Some direct their fear outwards, onto others. It is often cloaked in fury. Some protest. Others cling to speculation and conspiracy theories that they hope will lend them a sense of certainty; something to explain and give structure to what has happened. Some fling accusations.
We desperately search for meaning in the chaos, because it’s too scary to contemplate the possibility that there is none; that this is simply what it is to be human, living on a planet where sometimes bad and scary and uncontrollable things happen, and we imperfect beings have to react as best we can.
So where does this leave us?
Instead of deflecting or ignoring or bottling up our feelings, or distorting them and flinging them outwards, we can choose to sit with them, share them, and be brave enough to ask for and receive comfort. We can choose to listen. We can choose community and care. We can choose, as best we can, to speak and seek truth.
We writers can choose to write.
I can’t stop thinking about a keynote speech I heard at the inaugural New Zealand Writers’ Forum in 2016. Delivered by British author Chris Cleave, it was titled “The Clocks Are Striking Thirteen”. I think you can find the whole thing online somewhere.
Chris was talking at the time about the election of Donald Trump to the US Presidency, which had happened in the previous 24 hours. But I think his words resonate in 2020. Maybe even more so.

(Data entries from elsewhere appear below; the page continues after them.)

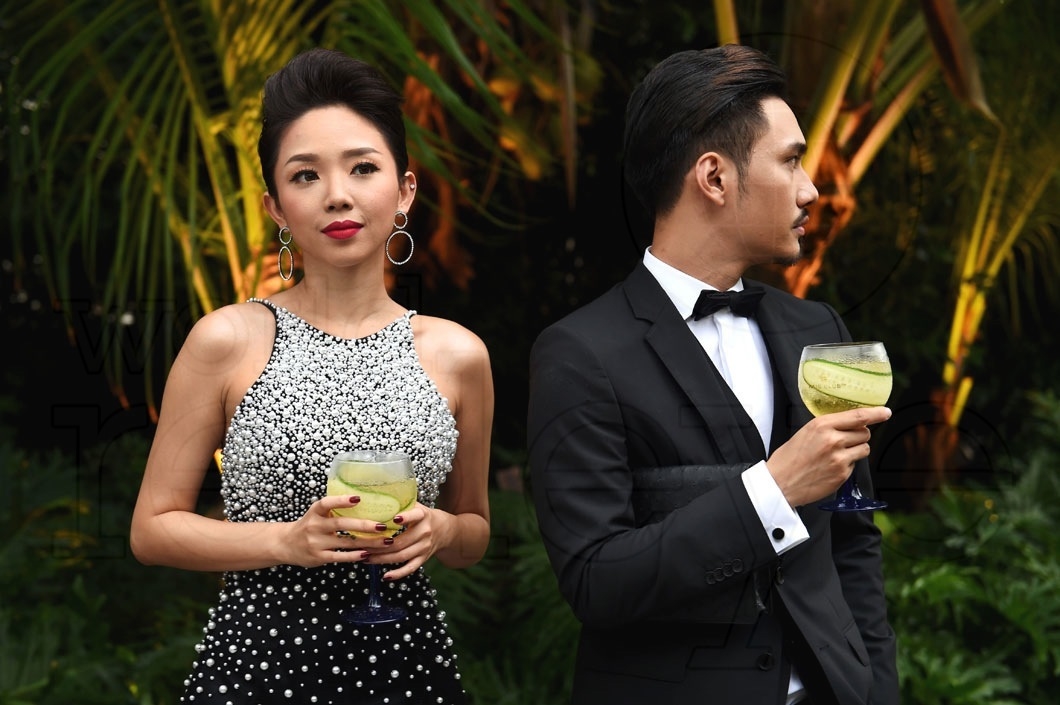 17-Toc Tien & Ly Qui Khanh at a private event for HAIG CLUB in Miami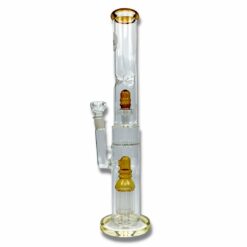 Shop Billy Mate Triple Perc Straight Shooter Bong 45cm Amber in australian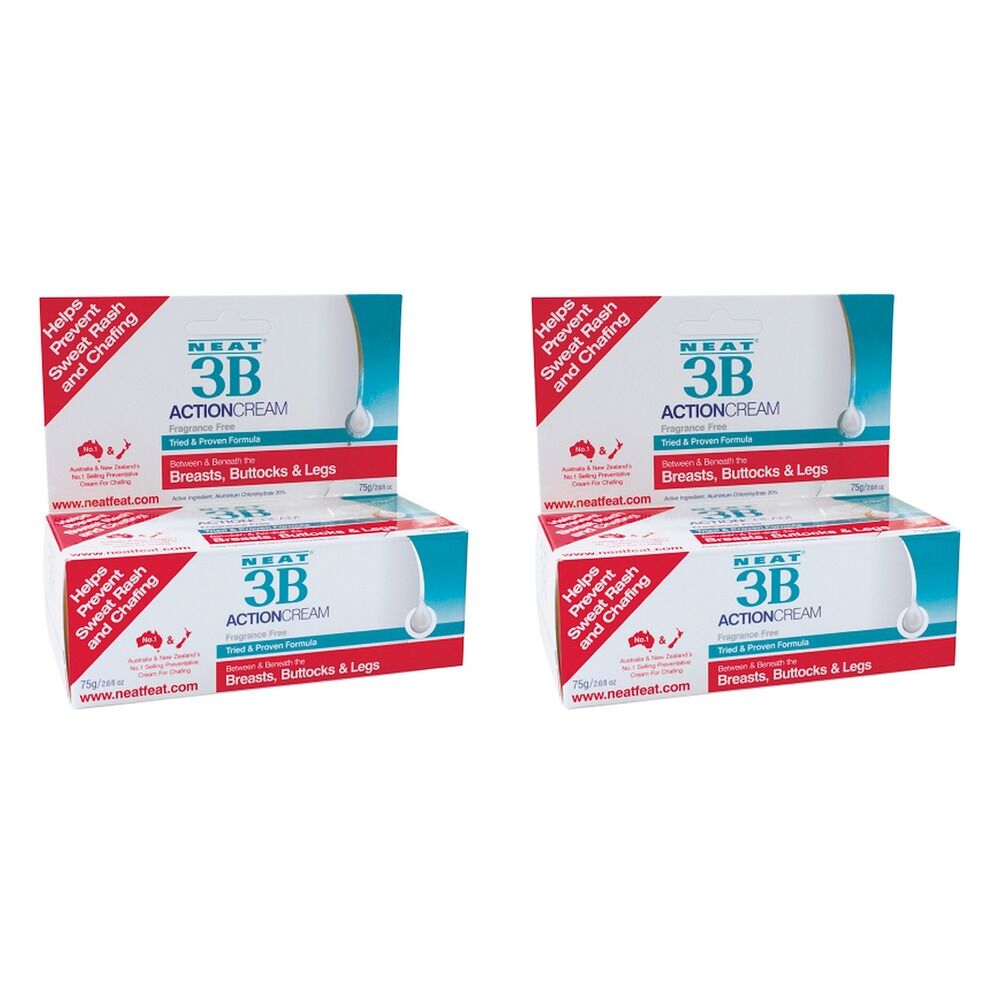 Neat Feat 3B Action Cream 75g Pack of 2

In his speech, Chris outlined five things writers could do to “combat the hate”. The hate expressed so quickly and so easily on social media. The hate of political rhetoric. The hate expressed by human beings who are scared, or disturbed, or lost. Hate, Chris said, is quick, and it feeds on itself. Like a shark that has to keep swimming to keep itself alive, hate never stops. Social media platforms like Twitter can disseminate hate to millions before a writer can issue a considered opinion piece that might go some way towards exploring an issue with sensitivity and depth and open-mindedness. Hate can be tweeted in an instant. Hate doesn’t take time to think. It doesn’t take a breath.
So what can we, as writers, do? What can we do to help those who are feeling disturbed and disillusioned and afraid? What can we do to combat the hate?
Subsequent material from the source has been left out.